We do not consider the work to be finished. Besides fixing the limitations mentioned in the Limitations section, there are quite a few things that can be added or optimized in our system. We list the major ones below.

Extending the Query Graph

The query graphs that we build currently are basic. They do not encode any information about the query other than the equijoin conditions. While such conditions are definitely used the most in everyday database querying, there are other conditions that are also used frequently that we currently do not take into account.

The simplest of such conditions are unary (i.e. pertaining to only one relation) qualifier conditions in the WHERE clause. They can be used to limit enormously the amount of data we ship around, and are not that hard to add to our current system.

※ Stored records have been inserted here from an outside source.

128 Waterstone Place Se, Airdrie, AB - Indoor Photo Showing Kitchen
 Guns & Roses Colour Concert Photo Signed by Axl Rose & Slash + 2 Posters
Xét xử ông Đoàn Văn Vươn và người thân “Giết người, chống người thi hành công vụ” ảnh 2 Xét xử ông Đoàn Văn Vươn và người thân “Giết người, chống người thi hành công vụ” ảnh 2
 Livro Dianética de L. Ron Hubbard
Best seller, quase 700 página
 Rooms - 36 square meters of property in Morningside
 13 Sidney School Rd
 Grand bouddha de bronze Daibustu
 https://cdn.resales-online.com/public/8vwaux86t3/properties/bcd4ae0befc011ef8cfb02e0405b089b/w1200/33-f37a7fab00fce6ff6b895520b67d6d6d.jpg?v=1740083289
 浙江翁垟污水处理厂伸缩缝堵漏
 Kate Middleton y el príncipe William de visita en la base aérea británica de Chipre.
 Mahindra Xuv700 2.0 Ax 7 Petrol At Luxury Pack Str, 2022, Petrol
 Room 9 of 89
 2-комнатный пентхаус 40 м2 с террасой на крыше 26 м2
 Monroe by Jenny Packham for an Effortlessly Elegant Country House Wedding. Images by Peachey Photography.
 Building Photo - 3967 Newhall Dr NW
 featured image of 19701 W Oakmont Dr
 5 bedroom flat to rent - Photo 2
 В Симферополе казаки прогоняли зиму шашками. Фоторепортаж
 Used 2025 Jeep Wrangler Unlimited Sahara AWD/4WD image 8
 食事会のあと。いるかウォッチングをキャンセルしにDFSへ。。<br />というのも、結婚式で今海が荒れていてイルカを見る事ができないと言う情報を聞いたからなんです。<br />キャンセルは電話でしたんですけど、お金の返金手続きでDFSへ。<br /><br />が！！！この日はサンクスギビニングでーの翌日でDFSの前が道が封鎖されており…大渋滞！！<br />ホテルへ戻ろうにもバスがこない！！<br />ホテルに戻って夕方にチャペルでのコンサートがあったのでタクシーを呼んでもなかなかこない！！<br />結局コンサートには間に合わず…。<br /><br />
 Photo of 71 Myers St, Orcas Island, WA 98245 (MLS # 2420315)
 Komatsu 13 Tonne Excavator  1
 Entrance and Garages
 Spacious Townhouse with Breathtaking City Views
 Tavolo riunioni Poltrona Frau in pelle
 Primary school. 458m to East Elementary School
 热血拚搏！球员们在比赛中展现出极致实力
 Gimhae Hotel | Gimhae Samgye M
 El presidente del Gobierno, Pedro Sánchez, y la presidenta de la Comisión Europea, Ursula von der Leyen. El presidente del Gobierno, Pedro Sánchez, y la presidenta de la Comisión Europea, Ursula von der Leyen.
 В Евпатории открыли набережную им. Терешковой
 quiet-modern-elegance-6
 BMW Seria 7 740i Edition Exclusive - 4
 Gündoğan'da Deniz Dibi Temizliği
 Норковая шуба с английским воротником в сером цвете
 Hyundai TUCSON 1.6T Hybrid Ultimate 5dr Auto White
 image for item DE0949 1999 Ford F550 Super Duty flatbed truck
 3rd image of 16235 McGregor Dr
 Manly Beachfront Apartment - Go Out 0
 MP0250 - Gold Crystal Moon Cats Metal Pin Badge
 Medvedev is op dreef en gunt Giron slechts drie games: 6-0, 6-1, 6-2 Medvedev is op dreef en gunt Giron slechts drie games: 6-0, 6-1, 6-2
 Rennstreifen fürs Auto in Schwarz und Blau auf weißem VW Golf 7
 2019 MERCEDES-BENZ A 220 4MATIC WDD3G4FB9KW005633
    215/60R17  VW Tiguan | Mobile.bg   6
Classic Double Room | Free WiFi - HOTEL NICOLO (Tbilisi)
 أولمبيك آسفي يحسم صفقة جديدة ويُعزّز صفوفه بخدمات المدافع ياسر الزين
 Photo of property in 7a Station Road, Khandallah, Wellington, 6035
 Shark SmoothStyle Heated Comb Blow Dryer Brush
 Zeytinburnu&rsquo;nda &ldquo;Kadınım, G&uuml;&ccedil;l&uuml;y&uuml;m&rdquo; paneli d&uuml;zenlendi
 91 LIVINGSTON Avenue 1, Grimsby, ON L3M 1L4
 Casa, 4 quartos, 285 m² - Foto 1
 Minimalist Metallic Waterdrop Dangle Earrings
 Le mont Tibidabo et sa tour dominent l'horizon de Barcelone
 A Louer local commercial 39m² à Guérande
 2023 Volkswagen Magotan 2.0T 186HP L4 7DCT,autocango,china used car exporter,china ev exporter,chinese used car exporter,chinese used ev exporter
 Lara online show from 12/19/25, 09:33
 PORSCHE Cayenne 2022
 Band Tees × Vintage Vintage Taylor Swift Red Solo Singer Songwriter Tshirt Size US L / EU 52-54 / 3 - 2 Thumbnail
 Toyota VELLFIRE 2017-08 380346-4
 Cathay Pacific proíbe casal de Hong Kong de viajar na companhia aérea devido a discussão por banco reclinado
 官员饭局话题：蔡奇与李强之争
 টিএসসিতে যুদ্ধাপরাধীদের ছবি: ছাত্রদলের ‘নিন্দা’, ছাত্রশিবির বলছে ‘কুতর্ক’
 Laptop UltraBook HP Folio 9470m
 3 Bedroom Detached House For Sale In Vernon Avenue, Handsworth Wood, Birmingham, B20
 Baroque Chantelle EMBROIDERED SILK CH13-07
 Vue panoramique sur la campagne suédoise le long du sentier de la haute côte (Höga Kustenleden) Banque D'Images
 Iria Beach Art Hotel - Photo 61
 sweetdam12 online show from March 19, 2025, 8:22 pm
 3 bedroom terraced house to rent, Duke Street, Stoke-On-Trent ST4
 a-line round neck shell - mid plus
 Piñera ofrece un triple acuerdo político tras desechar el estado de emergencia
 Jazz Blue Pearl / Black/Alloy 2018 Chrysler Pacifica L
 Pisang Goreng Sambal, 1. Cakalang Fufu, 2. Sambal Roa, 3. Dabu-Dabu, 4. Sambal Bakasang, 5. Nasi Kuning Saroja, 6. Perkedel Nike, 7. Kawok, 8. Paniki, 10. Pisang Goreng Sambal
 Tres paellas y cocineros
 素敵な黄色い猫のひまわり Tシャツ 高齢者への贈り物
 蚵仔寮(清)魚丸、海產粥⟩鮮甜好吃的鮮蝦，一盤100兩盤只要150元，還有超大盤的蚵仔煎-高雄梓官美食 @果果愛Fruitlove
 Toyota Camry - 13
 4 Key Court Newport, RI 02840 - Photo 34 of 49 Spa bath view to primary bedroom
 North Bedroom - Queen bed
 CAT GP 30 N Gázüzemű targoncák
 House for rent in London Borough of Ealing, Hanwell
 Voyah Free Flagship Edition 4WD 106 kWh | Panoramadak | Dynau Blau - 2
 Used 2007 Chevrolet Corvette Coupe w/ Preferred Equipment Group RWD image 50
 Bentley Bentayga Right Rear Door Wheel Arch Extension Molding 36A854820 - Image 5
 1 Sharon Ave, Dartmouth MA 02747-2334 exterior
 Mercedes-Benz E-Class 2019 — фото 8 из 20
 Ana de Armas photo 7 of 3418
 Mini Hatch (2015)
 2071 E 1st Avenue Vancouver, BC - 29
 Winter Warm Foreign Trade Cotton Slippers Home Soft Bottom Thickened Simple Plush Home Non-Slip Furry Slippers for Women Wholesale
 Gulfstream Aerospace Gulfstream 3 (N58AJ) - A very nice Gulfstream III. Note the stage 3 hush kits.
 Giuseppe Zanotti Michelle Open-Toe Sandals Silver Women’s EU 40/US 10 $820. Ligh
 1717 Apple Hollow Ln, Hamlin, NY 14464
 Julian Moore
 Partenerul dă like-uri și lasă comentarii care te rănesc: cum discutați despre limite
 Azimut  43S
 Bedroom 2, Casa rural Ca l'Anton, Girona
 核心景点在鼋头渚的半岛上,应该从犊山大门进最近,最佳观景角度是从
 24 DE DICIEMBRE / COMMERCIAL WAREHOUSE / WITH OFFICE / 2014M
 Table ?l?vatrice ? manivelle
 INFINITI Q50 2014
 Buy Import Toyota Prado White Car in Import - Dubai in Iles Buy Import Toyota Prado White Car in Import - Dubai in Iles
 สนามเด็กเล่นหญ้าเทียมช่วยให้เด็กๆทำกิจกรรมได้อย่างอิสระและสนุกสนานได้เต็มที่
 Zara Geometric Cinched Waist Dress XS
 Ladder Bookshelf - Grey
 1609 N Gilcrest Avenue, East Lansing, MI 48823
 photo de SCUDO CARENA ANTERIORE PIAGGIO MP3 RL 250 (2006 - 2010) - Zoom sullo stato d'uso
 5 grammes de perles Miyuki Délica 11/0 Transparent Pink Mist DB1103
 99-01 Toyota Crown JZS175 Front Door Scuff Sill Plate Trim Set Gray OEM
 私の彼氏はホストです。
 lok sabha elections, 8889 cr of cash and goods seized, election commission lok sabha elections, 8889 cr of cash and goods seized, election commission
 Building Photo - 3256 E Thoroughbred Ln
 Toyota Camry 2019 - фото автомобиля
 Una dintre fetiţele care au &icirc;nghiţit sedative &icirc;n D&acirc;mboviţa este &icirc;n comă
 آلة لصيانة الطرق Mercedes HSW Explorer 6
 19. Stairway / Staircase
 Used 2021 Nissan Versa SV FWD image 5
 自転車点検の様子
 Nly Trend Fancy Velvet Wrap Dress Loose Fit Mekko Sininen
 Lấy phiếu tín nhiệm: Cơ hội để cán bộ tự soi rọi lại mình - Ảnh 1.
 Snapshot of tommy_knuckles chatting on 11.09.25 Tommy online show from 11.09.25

We were envisioning attaching them to our graph vertices, such that the GraphProcessor algorithm can take advantage of them.

Moreover, there are of course all of the relation joins that are not equijoins. These, however, would be more challenging to handle.

Integration with MADlib

Our existing system provides a clean way to execute aggregate functions on the database. All that needs to be done is that the non-distributed variants of these functions need to be split into two each, the intermediate and the final flavors, as mentioned above. MADlib provides a plethora of aggregate functions and includes all the means to provide the two flavors (i.e. the merge function that can merge two different states of an aggregate into one state, which is used as the state transition function for the final version of the aggregate function). For this reason, we believe our current system can be easily extended to support MADlib.

Integration with PostgreSQL

Many limitations of our system stem from the fact that it operates the master node remotely. This also results in below-optimal performance. An excellent continuation of this project would be to port it to C and integrate it into PostgreSQL, namely the master node. This is advantageous for many reasons, some of the most important of which are listed below:

  • the master node will gain access to the catalog of the database, and will be able to make more efficient decisions about graph processing;
  • the system will be able to make use of built-in parser of PostgreSQL;
  • the system will be “closer to the data” and most likely closer to the worker nodes as well;
  • clients currently using a simple non-distributed version of PostgreSQL will be able to seamlessly move to our distributed version of the system.